I’m constantly amazed by both the supportiveness and meanness of the online parenting community. Today was a day when I posted on Twitter the kind of comment that really meant Tell me I’m okay, tell me it gets better.
Because yesterday was month-end, and I needed to format and upload the free ebook, I didn’t get to bed until midnight. Actually I haven’t for a while as there is no time to write during the day and the kids have been going to bed a bit later since the shift to summer time (generally it means they get up later so we take the trade.) Unfortunately Amber came in at 6am this morning so it felt too short a night to survive twelve hours of parenting.
A busy morning at play and stay, a screaming child who wouldn’t sit in the hairdresser chair and a boy who shrieked every time he lost sight of his Mummy meant I was in constant tears of exhaustion by mid-afternoon. Not an unusual occurrence these, days to be fair. So I turned to Twitter for support. And found it.
My comment on Twitter generated lovely responses including a link to a great blog post: To Parents of Small Children:
If you are a parent of small children, you know that there are moments of spectacular delight, and you can’t believe you get to be around these little people. But let me be the one who says the following things out loud:
You are not a terrible parent if you can’t figure out a way for your children to eat as healthy as your friend’s children do. She’s obviously using a bizarre and probably illegal form of hypnotism.
You are not a terrible parent if you yell at your kids sometimes. You have little dictators living in your house. If someone else talked to you like that, they’d be put in prison.
You are not a terrible parent if you can’t figure out how to calmly give them appropriate consequences in real time for every single act of terrorism that they so creatively devise.
You are not a terrible parent if you’d rather be at work.
You are not a terrible parent if you just can’t wait for them to go to bed.
You are not a terrible parent if the sound of their voices sometimes makes you want to drink and never stop.
I felt so much better after reading it – problem shared, problem halved and all that. Until I read the latest comment on the blog from a parent of teenagers who said they hated the post for its “sheer blind arrogant silliness”.
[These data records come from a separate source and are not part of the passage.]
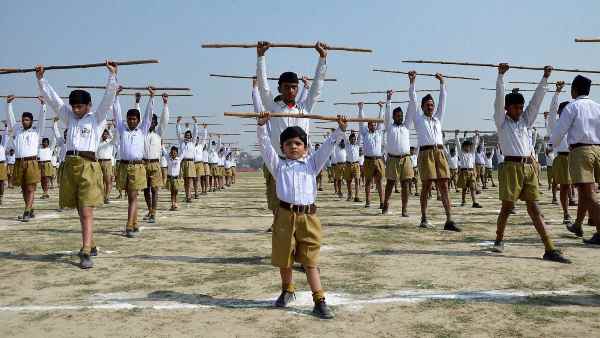 नई शिक्षा नीति पर संघ की मुहर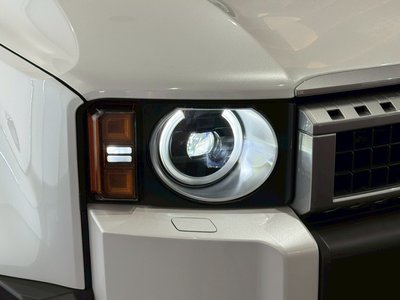TOYOTA LAND CRUISER 250 - 10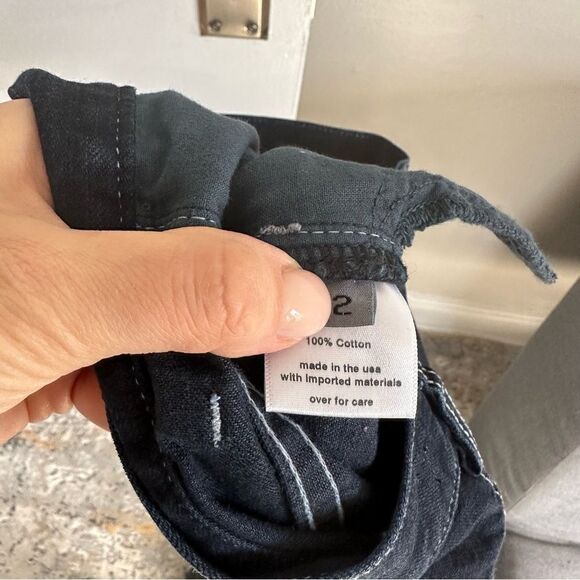 Rachel Comey Denim Jeans - Picture 5 of 9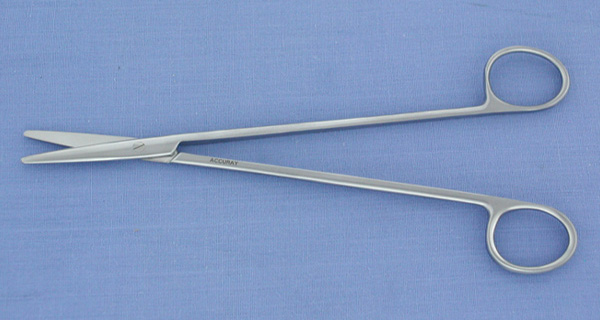 Surgical Instruments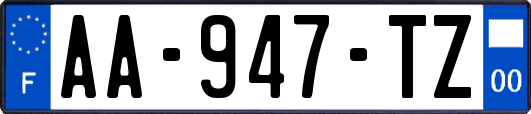 AA-947-TZ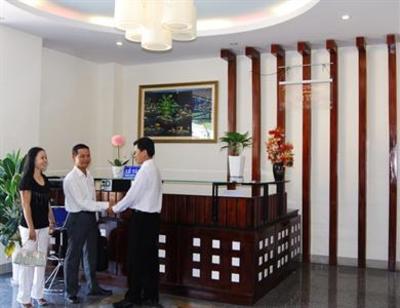 фото отеля Hung Thinh Hotel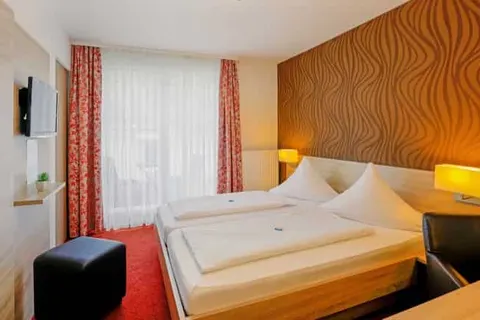 Hotel Lindenhof foto 6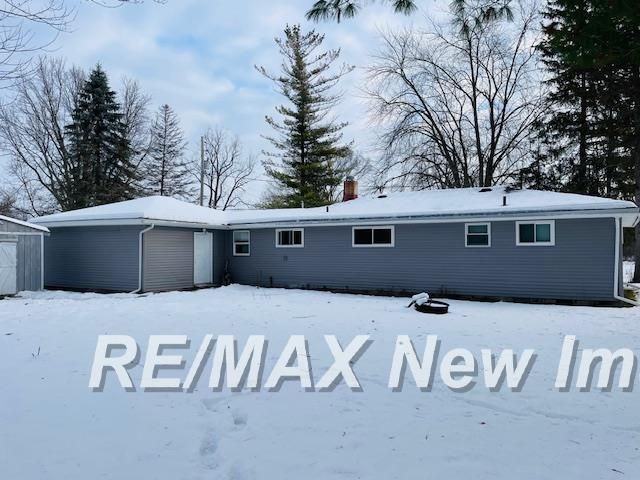 2024 S River Road, James Twp, MI 48609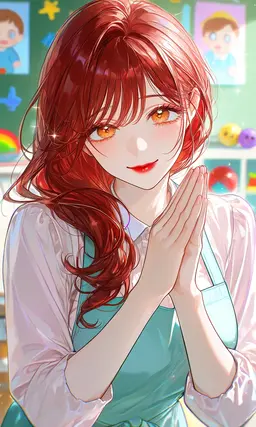 Profile image of 백해나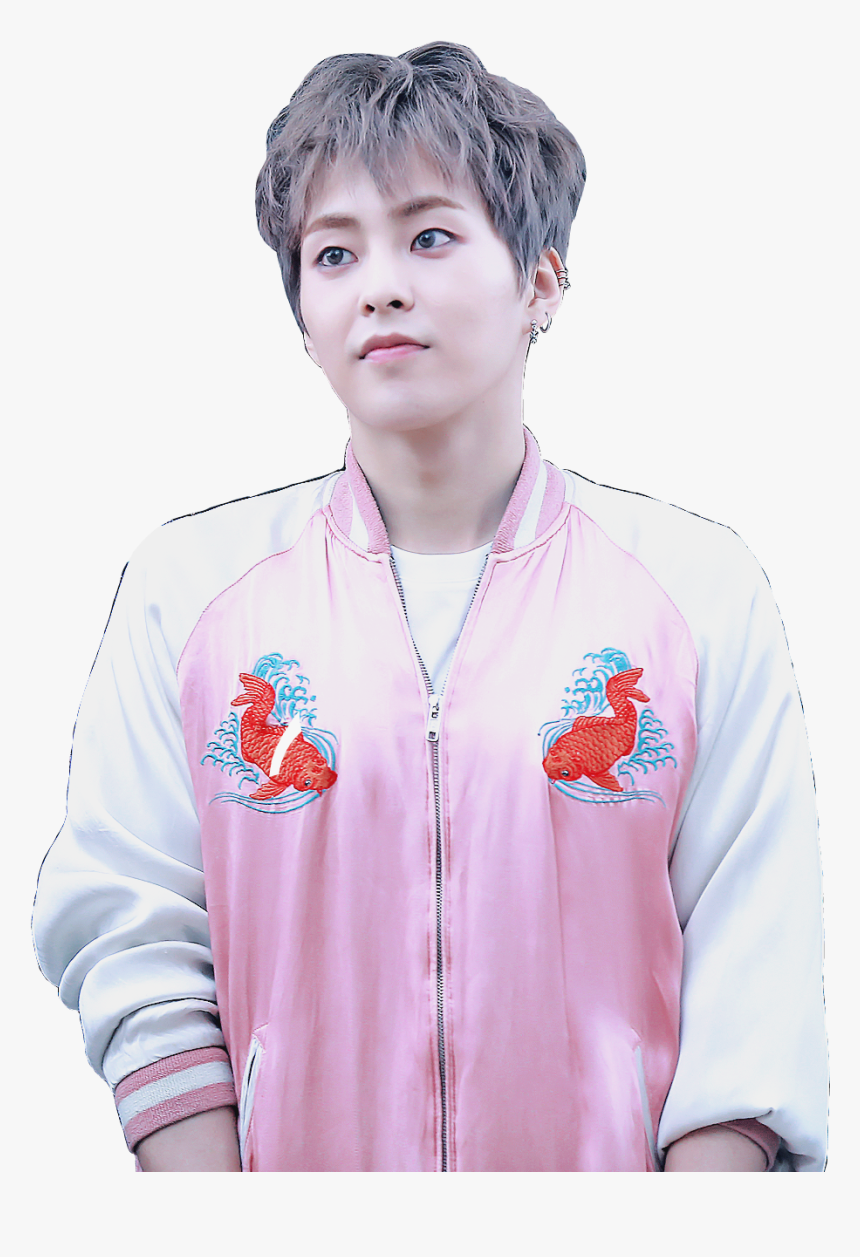 #xiumin #exo #cute #king - Boy, HD Png Download, Free Download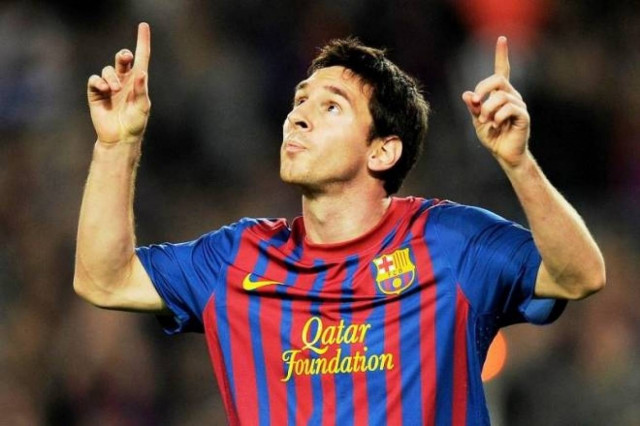 Η απάντηση του Μέσι για τη φοροδιαφυγή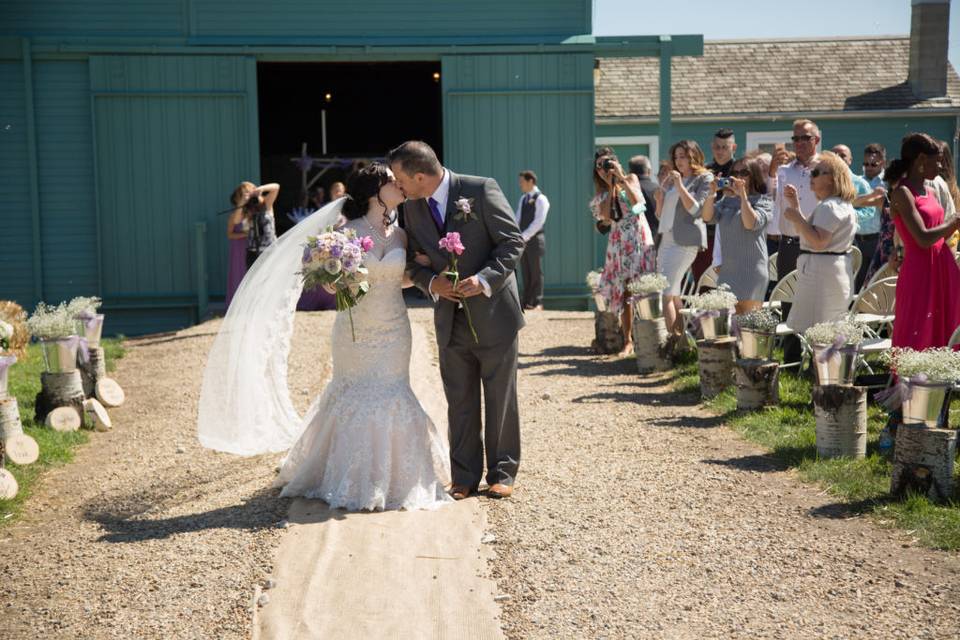 Lethbridge Wedding Photography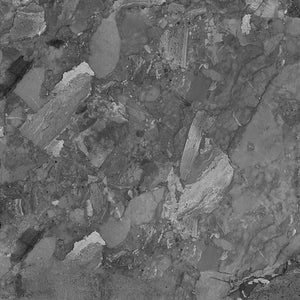 HF Terrazzo Dark Matt FINISH 600X600MM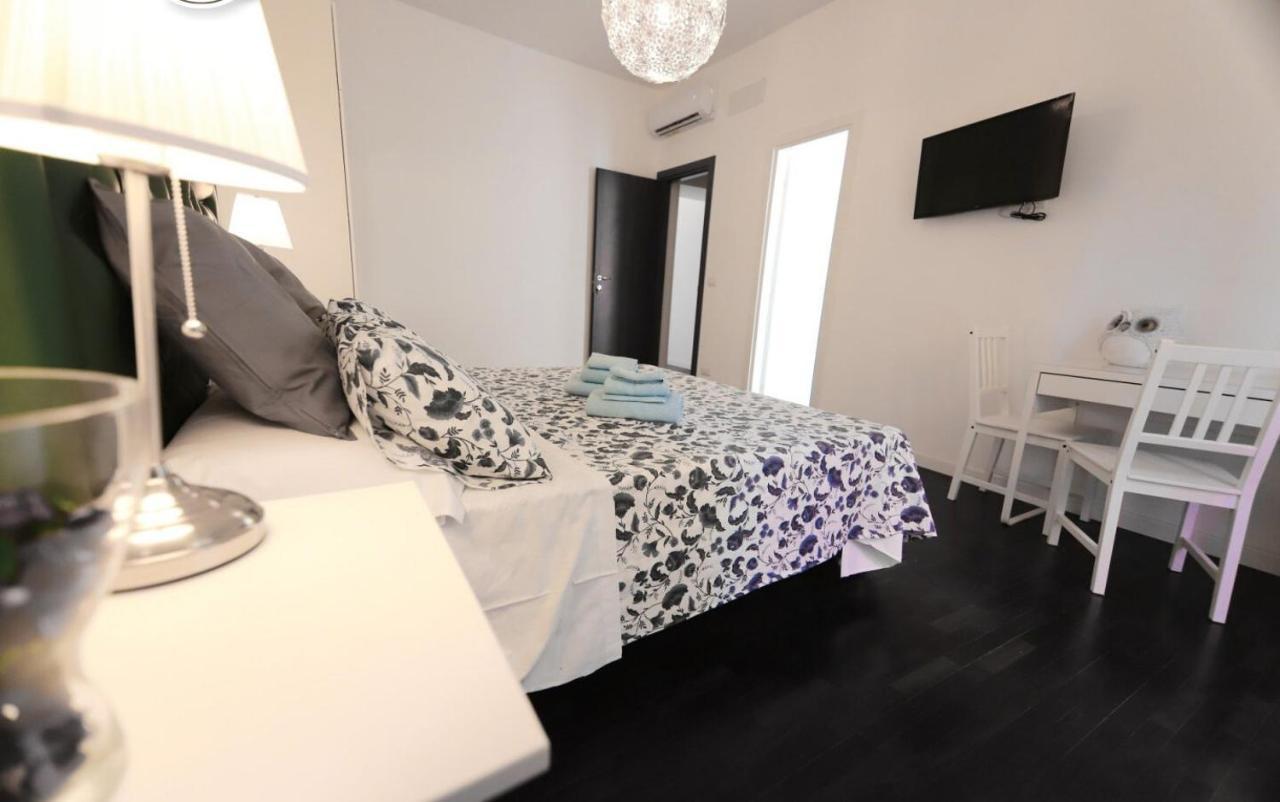 B&B La Luna Nel Pozzo Рим Экстерьер фото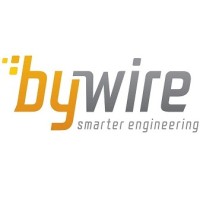 ByWire Logo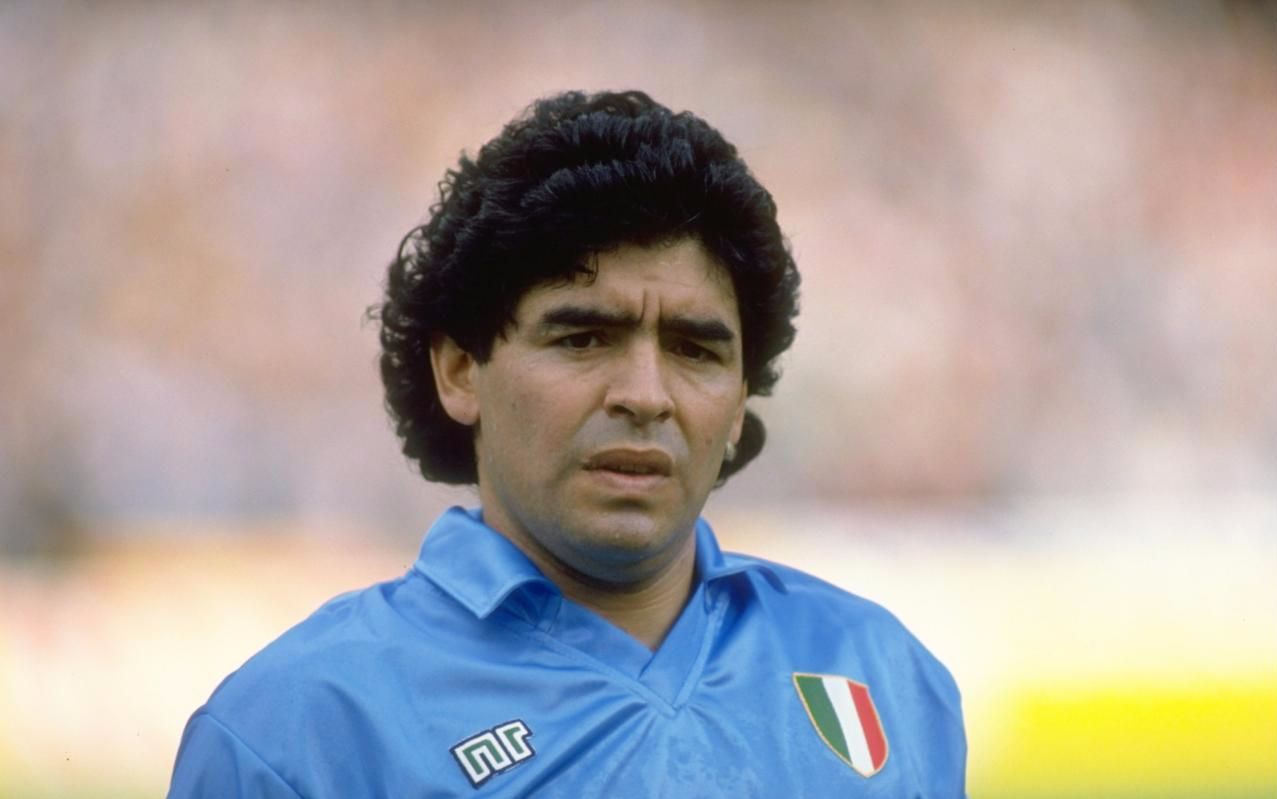 世界公认四大球王上篇,世界四大公认足球球王是谁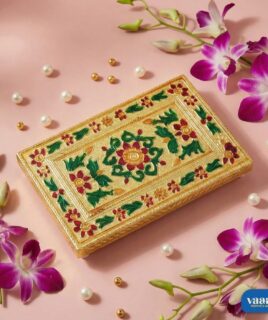 Meenakari Chowki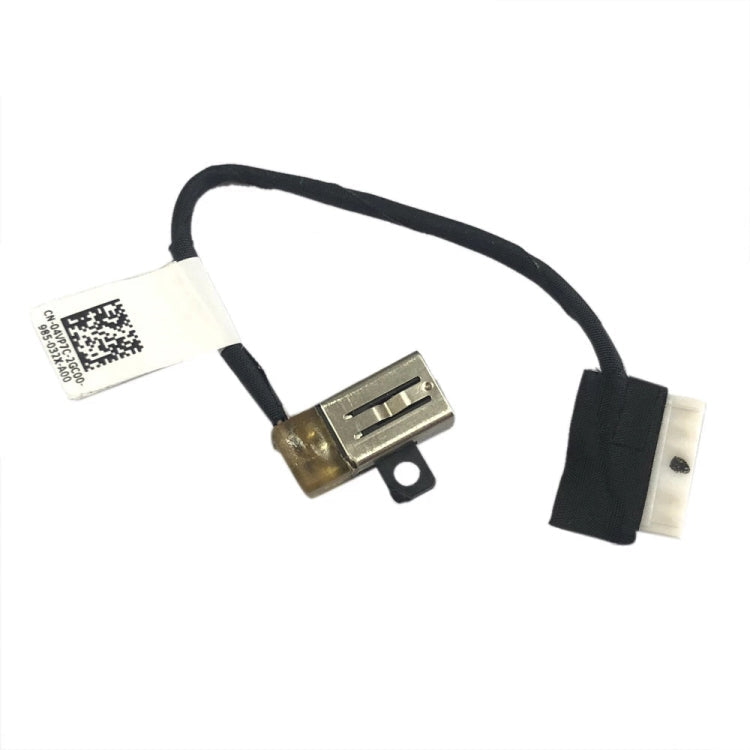 DC Power Jack Connector With Flex Cable for Dell Inspiron 15 5593 228R6 0228R6 Eurekaonline
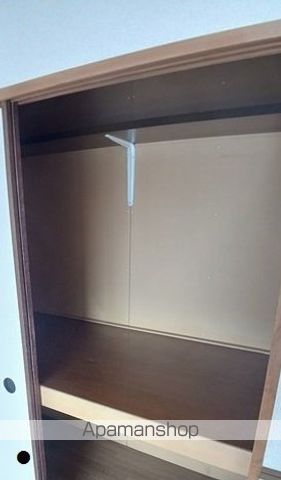 フォブール雅の内装写真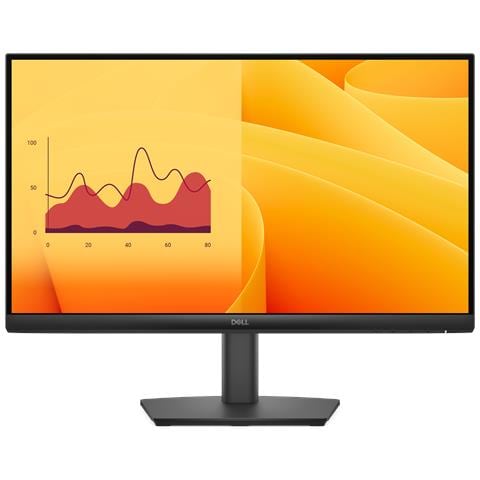 Monitor 21.5" LCD VA E2225HM Full HD 1920 x 1080 Pixel Tempo di Risposta 8 ms - Foto 2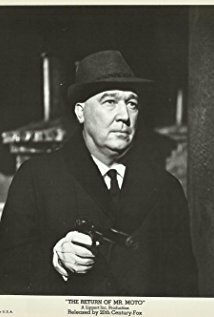 фото Гордон Тэннер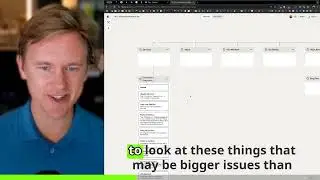 Importance of Structure and Copy in Web Design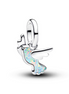 Pandora Me/Moments Silver White Dove Mini Dangle Charm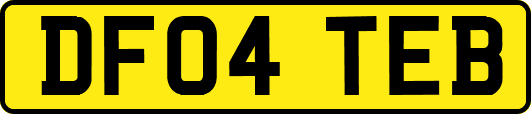 DF04TEB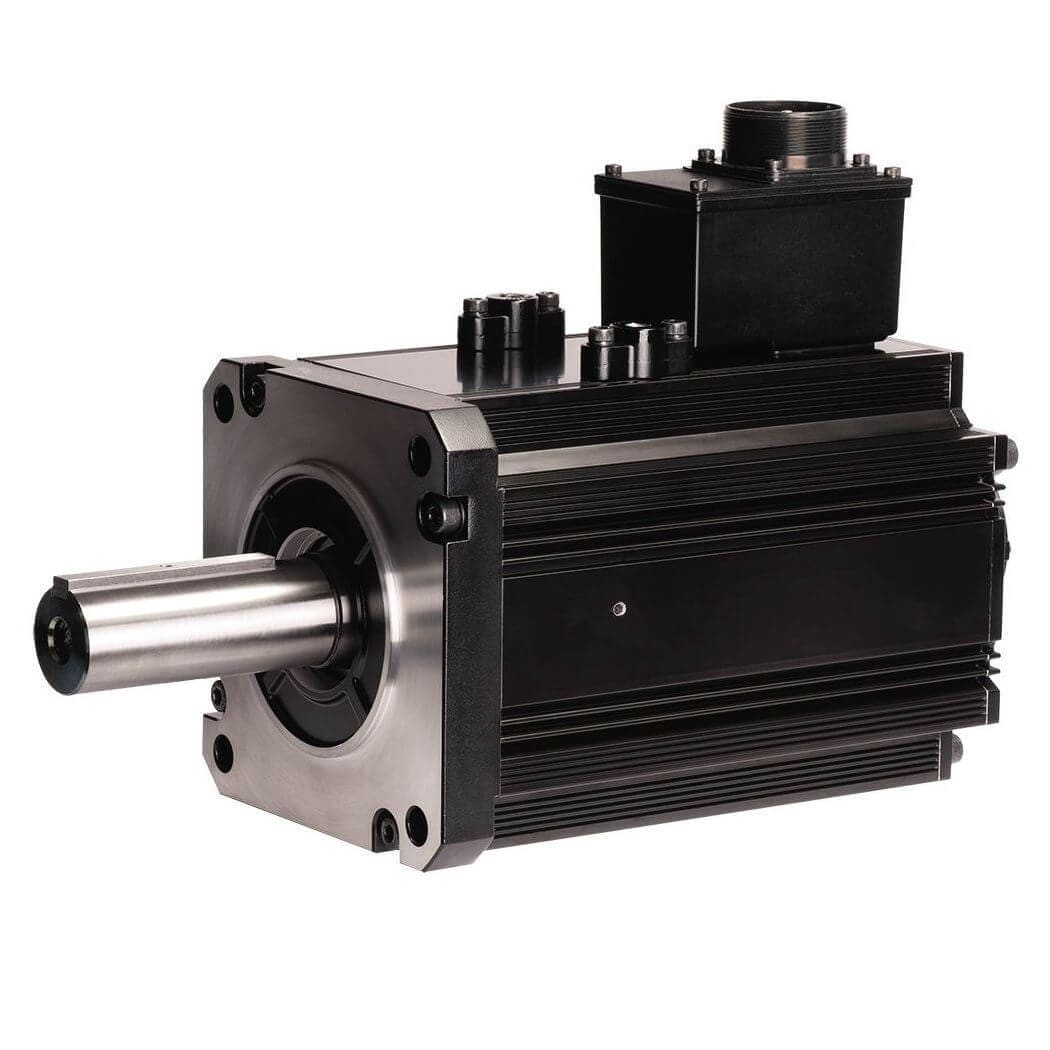 Omron - R88M-K(30H) 3000 RPM INC 200V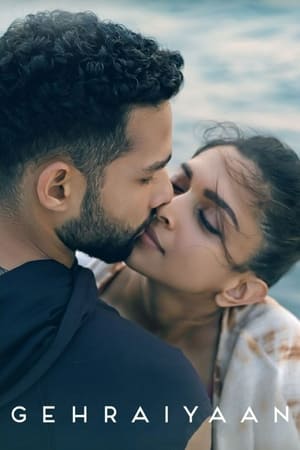 Gehraiyaan 2022 Hindi Audio HD Poster Download - Filmyzilla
[Y]ou might also hate it when people tell you to you enjoy every minute, (everyone says it to everyone, WE ALL had it so don’t be so uptight and melodramatic ‘it doesn’t help’ poor you)
In the spirit of fairness they did say the post was sweet and they liked its honesty, but the comment left me feeling sick to the stomach.
Anyone is entirely entitled to their opinion and I’m sure I’m just as capable of being sanctimonious and smug. In fact I know sometimes I see parents of one baby who are tired and part of me wants to say, Wait until you have two. Or Wait until they’re walking or something equally discouraging. The point is I don’t say it. Well, hardly ever, and then only as a joke to people I know. (At least I think so. Apologies if I’ve ever made another parent feel bad.) Generally, if I’m honest about the trials of being a parent it is to encourage other parents not to suffer in silence, rather than to make them feel bad.
Because even if it’s true, even if it is harder with two, what’s the point in saying it? Why do humans feel the need to share their misery in such a way? I remember when I only had one child and was struggling and a friend of hubbie’s said It never gets easier. My daughter was six months old. I couldn’t give her back. And instead of bolstering myself on bad days with the thought that one day I might just feel like it was going to get better I had this doom-laden future stretching endlessly before me.
It was already hard surviving teething and breast feeding and sleepless nights. Suddenly I had to face twenty years of pain. And then, as if that wasn’t enough, someone said It doesn’t get any easier when they leave home. Oh come on, guys, enough already.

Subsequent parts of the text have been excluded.